Le rôle de l’Agence nationale du sport dans cette affaire

L’ANS, créée pour coordonner et financer le sport français, s’est avérée incapable de gérer correctement l’enveloppe qui lui était confiée. La Cour des comptes pointe plusieurs dysfonctionnements : absence de suivi rigoureux des projets, absence de critères d’évaluation clairs, et une gestion des cofinancements opaque.
Les partenaires du cofinancement (collectivités, fédérations, entreprises) ont découvert au fil du temps que l’ANS ne respectait pas ses engagements ou changeait les règles du jeu en cours de route. Cette instabilité a découragé les investissements locaux et a fragmenté le financement du sport français plutôt que de le structurer.

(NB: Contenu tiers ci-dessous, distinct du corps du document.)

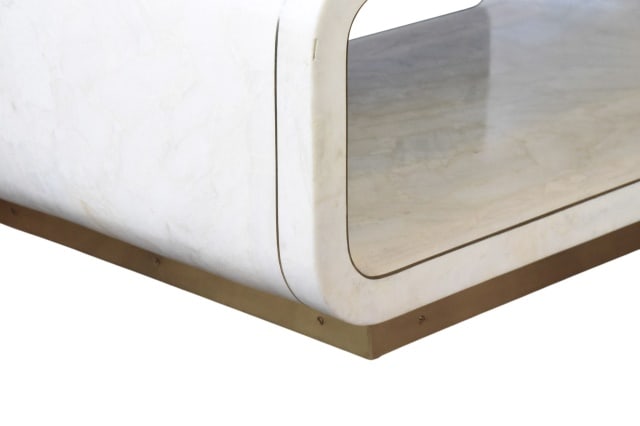 Minimalist Rounded Rectangular Coffee Table - 7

Les causes du problème : une doctrine floue et un manque de contrôle
Au-delà du cas de l’ANS, le rapport met en lumière une faille systémique du financement public du sport en France. La commission des finances du Sénat avait besoin d’une doctrine précise pour évaluer les demandes de financement, mais aucune n’existait vraiment. Chaque projet était examiné au cas par cas, sans grille de lecture commune.
Le contrôle budgétaire interne était insuffisant. Aucune évaluation rigoureuse n’a mesuré l’impact réel des investissements sur la pratique sportive locale. Sans reddition de comptes claire, l’ANS a opéré dans une zone grise où les détournements se sont normalisés progressivement.
Les conséquences pour l’avenir du financement sportif en France
Cette révélation ébranle la crédibilité du système public de financement du sport français. Les élus locaux et les fédérations sportives perdent confiance en l’ANS. Les projets d’équipements locaux qui auraient pu émerger ne verront jamais le jour, faute de crédits.
La transmission du rapport au Sénat oblige maintenant le gouvernement à réagir. Une refonte des critères d’allocation des crédits, un renforcement du contrôle et une meilleure transparence s’imposent. L’enjeu dépasse l’ANS : c’est toute la stratégie de la nation sportive qui doit être repensée, avec des règles claires et vérifiables.
Le projet de loi de finances pour 2026 devra clarifier les priorités : construire des équipements de base dans les communes ou poursuivre un modèle administratif qui ne livre pas ses promesses. Les 5,55 millions d’euros perdus sont un avertissement qu’on ne peut ignorer.